There is something about Tom Hanks that gets him into all the best films of the past. He is an actor who chooses his roles carefully and appropriately. The other performances in the film are also solid.
The film is based on the book written by Jim Lovell, the commander of Apollo 13. Dubbed the "successful failure," Apollo 13 is one of the darkest and brightest moments of the NASA space program. After the successful landing of Apollo 12 and Neil Armstrong on the moon, Jim Lovell pilots the next spacecraft to land on the moon. When routine procedures lead to an explosive Lovell's team and the command center in Houston, need to work against the clock and technology to bring the men home.

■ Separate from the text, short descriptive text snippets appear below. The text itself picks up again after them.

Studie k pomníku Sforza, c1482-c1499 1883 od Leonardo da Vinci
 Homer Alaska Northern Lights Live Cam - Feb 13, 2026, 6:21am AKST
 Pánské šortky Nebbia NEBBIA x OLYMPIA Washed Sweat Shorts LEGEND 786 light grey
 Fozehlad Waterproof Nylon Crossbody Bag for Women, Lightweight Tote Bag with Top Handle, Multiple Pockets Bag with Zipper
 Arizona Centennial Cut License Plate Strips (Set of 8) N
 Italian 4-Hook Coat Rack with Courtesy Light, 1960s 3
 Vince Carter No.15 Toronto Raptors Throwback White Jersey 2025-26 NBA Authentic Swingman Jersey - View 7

Tension is kept throughout with the constant struggles faced by the families of the crew and genius team doing everything in their power to keep the crew alive. While the film may slow a couple points it is more than just a film. It is engaging and riveting. Certainly this is one of the best films of the 90s.

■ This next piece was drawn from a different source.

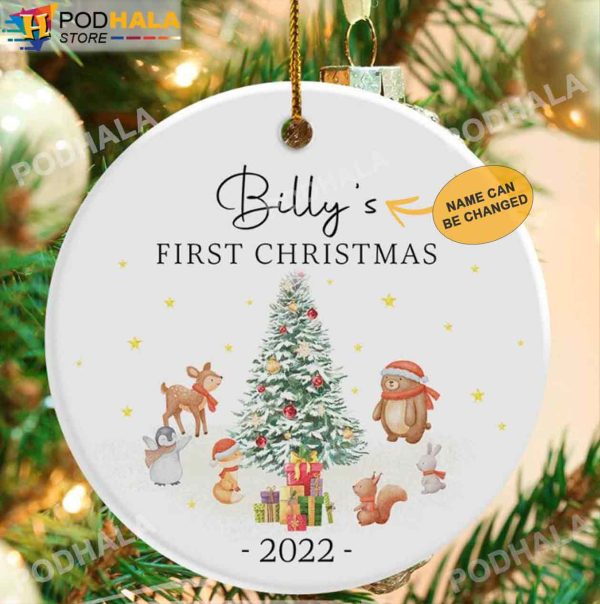 New Baby Personalized Family Ornaments, Baby’s First Christmas Ornaments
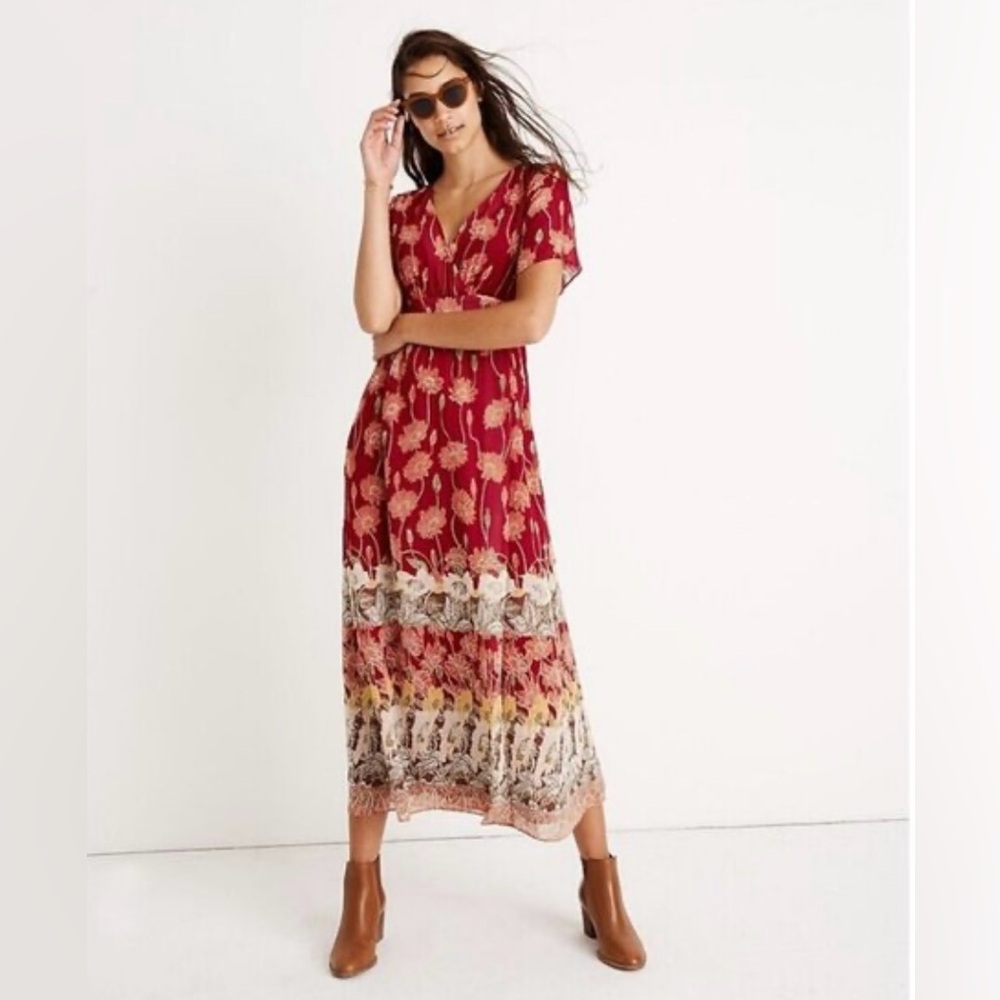 Madewell floral dress, like new!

"Apollo 13" had previously been released on HD DVD with some artifacting in the image and some banding and unsatisfying black levels. I am pleased to report that Universal has created a better transfer that shines on the Blu-ray format. Black levels are well resolved and contrast supplements the space background, highlighting stars and debris. Colors are true to form. They are not excessive but are realistic. The costumes are vibrant while most scenes remain tamer, with the exception of the Lovell home landscape in Houston. Details are simply impressive. Every knob, switch and number on the NASA display and spacecraft panels is easily distinguished. The Blu-ray does not contain the IMAX version of the film like the special edition standard DVD, but instead sticks with the 2.35:1 aspect theatrical edition of the film. There is the occasional soft shot, but overall this is terrific transfer for a 1995 film.

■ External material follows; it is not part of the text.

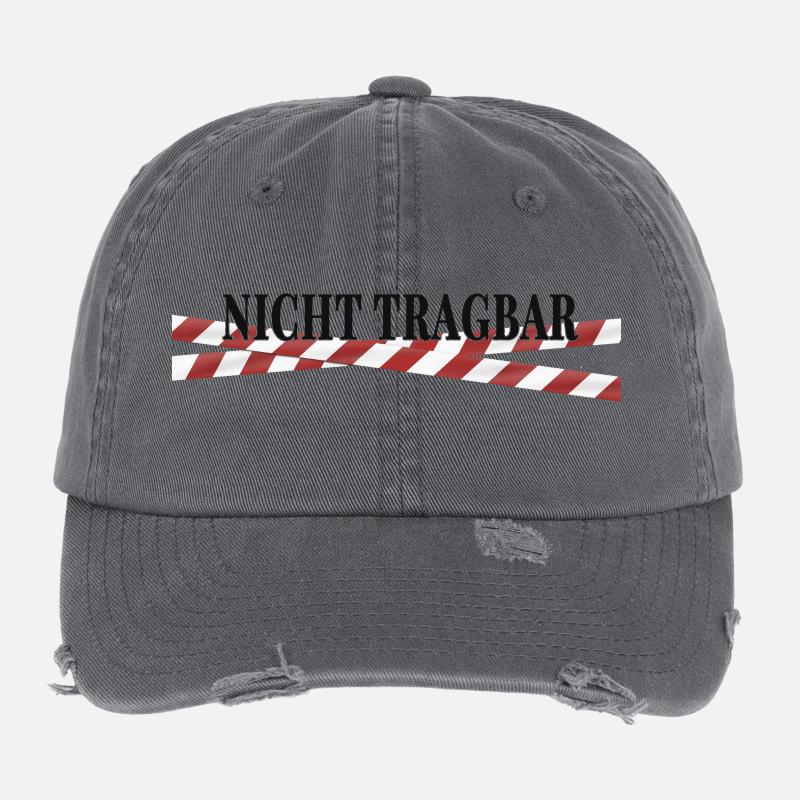 Unwearable – Black Humor Statement Design Flexfit Vintage Destroyed Cap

While the film won for Best Sound Mixing, this transfer doesn't exactly represent that. While the "action" sequences of the film are terrific, there are some issues holding back the rest of the film. There is a balance issue when it comes to directionality. Some of the effects are not as discreet as they should be. While dialogue is generally struggle, it occasionally is muddied by some of the boomy bass. And yet other times the dialogue is a little brash. It seems the studio should have stuck with the original mix and not prepped it for a DVD release. When it comes to the space explosions and blast-offs, the sound effects are marvelous. Effects are crisp and clear. The LFE channel upon the craft's reentry is terrific. Dynamics range is good, used when need be. The rear channels are not as engaging as I would have liked. Much of the time the rear channels simply contain bleed, however, pans do extend into the rear channels. Directionality is an issue. On a few occurrences the placement of sounds do not match the image, removing you from the film experience. Still, this DTS-HD MA 5.1 track is quite pleasing. And to top it off the filmmakers made it from beginning to end without using David Bowie's "Space Oddity."
The Blu-ray contains many of the features from the HD DVD and a few Blu-ray enhancements. The standard features include, "Lost Moon: The Triumph of Apollo 13," which is a making-of featurette. "Conquers Space: The Moon and Beyond" is a recap of the space program's history. "Lucky 13: The Astronauts' Story" contains interviews with the real crew. The best features on the disc are the audio commentary by Ron Howard and the one by Jim and Marilyn Lovell. They are heart-warming and informative commentaries. The U-Control function provides two supplement tracks. "The Apollo Era" is a cultural sidebar, while "Tech-Splanations" attempts to break down the tech speak of the film, which I didn't believe was very heavy in the film to begin with. The disc is also equipped with pocketBLU, socialBLU, D-Box Motion Enabled.
"Apollo 13" is a definite own for film fans. The audio and video transfers are more than pleasing, barring a few annoyances. While it is no exactly one small step for man and one giant leap for Blu-ray, it is a great film experience.